IndigoDosSantos · Jun 8, 2024 · 53af46a · 53af46a
1 parent d8c1607
commit 53af46a
Showing 1 changed file with 6 additions and 3 deletions.
diff --git a/run.py b/run.py
@@ -79,15 +79,14 @@ def generate_images(prompt, height, width, negative_prompt, guidance_scale, num_
     # Sanitize user input prompt before using it, with a timeout of 5 seconds
     cleaned_prompt = clean_prompt_with_timeout(prompt, timeout=5)

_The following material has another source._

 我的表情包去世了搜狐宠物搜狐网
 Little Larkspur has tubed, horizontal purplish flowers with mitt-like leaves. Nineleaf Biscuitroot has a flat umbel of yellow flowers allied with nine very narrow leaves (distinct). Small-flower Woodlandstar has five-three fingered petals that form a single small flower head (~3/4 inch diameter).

     print("Processed prompt:", cleaned_prompt)
-
-    # Load, use, and discard the prior model
-    prior = load_model("prior")
 
     with torch.cuda.amp.autocast(dtype=dtype): 
         seed = torch.seed() if seed == -1 else seed  # Get the initial seed
         torch.manual_seed(seed)  # Apply the seed for generation
         generator = torch.Generator(device).manual_seed(seed)  # Preserve for reproducibility
 
+    # Load, use, and discard the prior model
+    prior = load_model("prior")
     prior.enable_model_cpu_offload()
     prior_output = prior(
         prompt=cleaned_prompt,
@@ -99,6 +98,8 @@ def generate_images(prompt, height, width, negative_prompt, guidance_scale, num_
         num_images_per_prompt=int(num_images_per_prompt),
         generator=generator,
     )
+    del prior
+    torch.cuda.empty_cache()  # Release GPU memory
 
     # Load, use, and discard the decoder model
     decoder = load_model("decoder")
@@ -112,6 +113,8 @@ def generate_images(prompt, height, width, negative_prompt, guidance_scale, num_
         output_type="pil",
         generator=generator,
     ).images
+    del decoder
+    torch.cuda.empty_cache()  # Release GPU memory
 
     metadata_embedded = {
      "parameters": "Stable Cascade",